O Banco Central do Brasil anunciou novas regras que ampliam o acesso a contas em moeda estrangeira no país. A mudança foi estabelecida pela Resolução BCB nº 575, de 18 de junho de 2026, e faz parte das normas do Marco Legal de Câmbio, com o objetivo de facilitar as transações internacionais, reduzir custos e modernizar o mercado cambial. As regras entrarão em vigor em 1º de outubro de 2026, prazo final para que bancos e demais instituições autorizadas adaptem seus sistemas.

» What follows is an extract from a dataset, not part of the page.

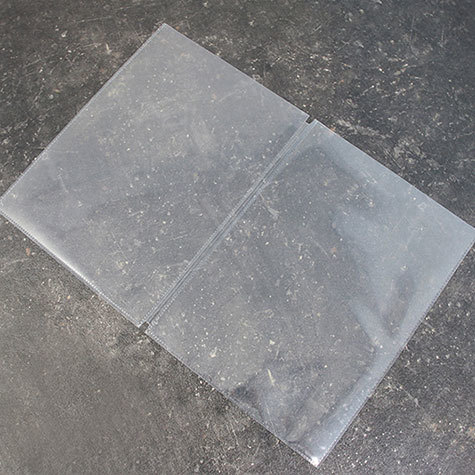 legatoria Busta a U. A4 Doppio TRASPARENTE, in polipropilene da 140 micron, aperta sul lato corto, formato A4 (210x297mm), con invito a mezzaluna per facilitarne l�apertura.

A mudança não altera a proibição do uso de moeda estrangeira para pagamentos do dia a dia no Brasil, nem afeta a taxa de câmbio. Atualmente, apenas grupos específicos podem manter esse tipo de conta, como instituições financeiras, embaixadas e empresas de determinados setores. Pelas novas regras, empresas exportadoras, empresas com empréstimos ou dívidas contraídas no exterior, empresas com participação de investidores estrangeiros e pessoas jurídicas estrangeiras que realizam operações de crédito ou investimentos diretos no país também poderão se qualificar.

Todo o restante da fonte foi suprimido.